You're reading: Prosecutors demand emails of Novoye Vremya journalist

Yet another journalist in Ukraine is facing pressure from law enforcement.

Ukrainian prosecutors have demanded that investigative journalist Ivan Verstyuk give them access to his emails, according to the decision of Kyiv Pechersk District Court published on Feb. 18 by magazine Novoye Vremya, one of the publications Verstyuk works for.

Prosecutors want to see Verstyuk’s conversations because back in 2016 Novoye Vremya published a story by him about a former deputy general prosecutor of Kyiv Oblast, Alexander Korniyets. Entitled “Brilliant Daughter,” the story reveals how Korniyets, earning only $7,600 a year, managed to pay 120,000 pounds a year for his daughter to study at a school in the United Kingdom.

Although Korniyets was fired right away, the prosecutors are still investigating his case, and they claim Verstyuk’s story, and his source in particular, breached the confidentiality of this investigation. The journalist based his story on a report by the British National Crime Agency. The report had been sent exclusively to the Prosecutor General’s Office, but someone there leaked it to the journalist.

If Verstyuk does not give up his email conversations — hundreds of documents, including ones from anonymous sources — the Prosecutor General’s Office can conduct a search of the Novoye Vremya newsroom, the court says. According to Ukrainian and European laws, however, the journalists have a right to use and protect confidential sources.

The case shows the Prosecutor General’s Office is uneasy with working under the eye of an independent press, thinks Verstyuk.

“I assume they don’t like me getting documents that prove the luxurious lifestyle of an ex-deputy general prosecutor of Kyiv Oblast, Alexander Korniyets, and his daughter. So there they are, pressuring us,” Verstyuk told the Kyiv Post.

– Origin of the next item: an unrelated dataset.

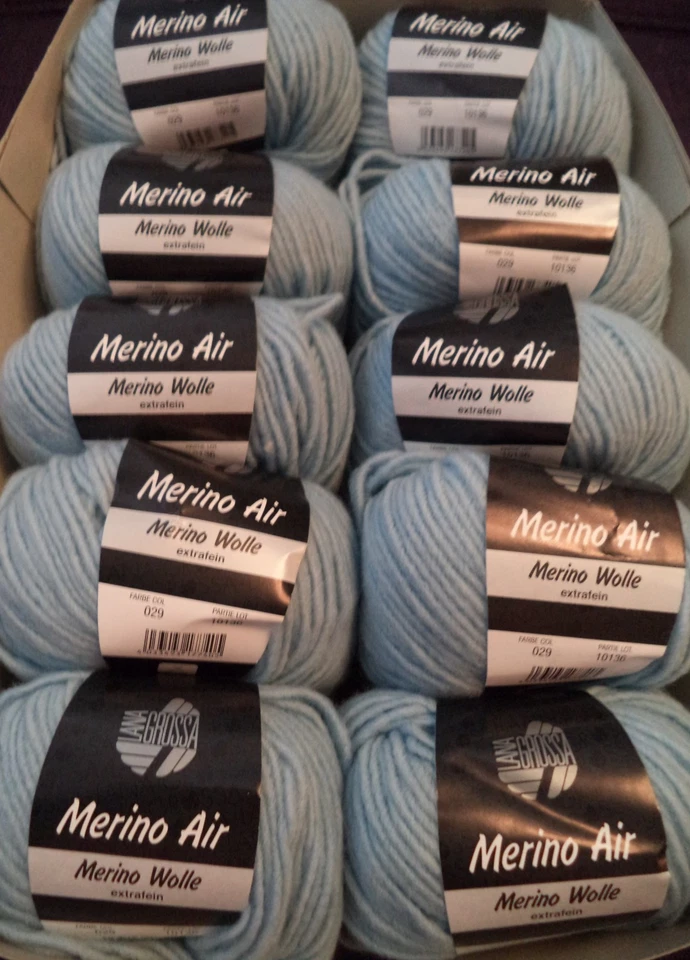 Wolle, Stricken, Häkeln, Lana Grossa, MERINO AIR, 10x50g Fb.029 - Bild 1 von 1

Prosecutors have already interrogated the journalist in connection with the article, in June 2017.

Verstyuk said he thought the actions of the prosecutors were “obvious” pressure on the press and on the freedom of speech. If they are allowed to read the e-mail of an investigative journalist, it may damage the very freedom of investigative journalism in the future, he said.

This is the second time a Novoye Vremya journalist has been under pressure to reveal their anonymous sources. In August 2018, the same Pechersk District Court gave the Prosecutor General’s Office access to journalist Kristina Berdynskykh’s phone to trace her locations, conversations, and numbers dialed for the period from February to August 2018. (Another journalist, Natalie Sedletska, the chief editor of Radio Liberty’s Schemes investigative television show, also was ordered by the court to provide data from her phone at the same time.)

That case triggered strong criticism from Ukrainian civic activists, journalists and Western officials. The Prosecutor General’s Office denied it intended to restrict freedom of speech.

Verstyuk’s colleague Berdynskyk appealed, and on Sept. 26, the Kyiv Court of Appeal partially upheld her complaint. However, since Nov. 12 further hearings of the case have been put off three times. The next hearing is scheduled for May 6. The rulings involving both Novoye Vremya journalists were made by the same judge, Volodymyr Karaban.

Novoye Vremya Chief Editor Vitalii Sych said in comments to the Kyiv Post that prosecutors have the wrong priorities — instead of investigating corruption, they’re investigating how journalists do their work, he said. Besides, the court decision is illegal, and so the journalists will contest the claim in Ukraine, and if unsuccessful, they are to file an appeal with the European Court of Human Rights, he said.

“We are an irritant to many people, including the prosecutors, and that’s why they pay such a close attention to us,” Sych said.

“But I think they’d do better to focus on finding corrupt officials, rather than investigating those who fight corruption.”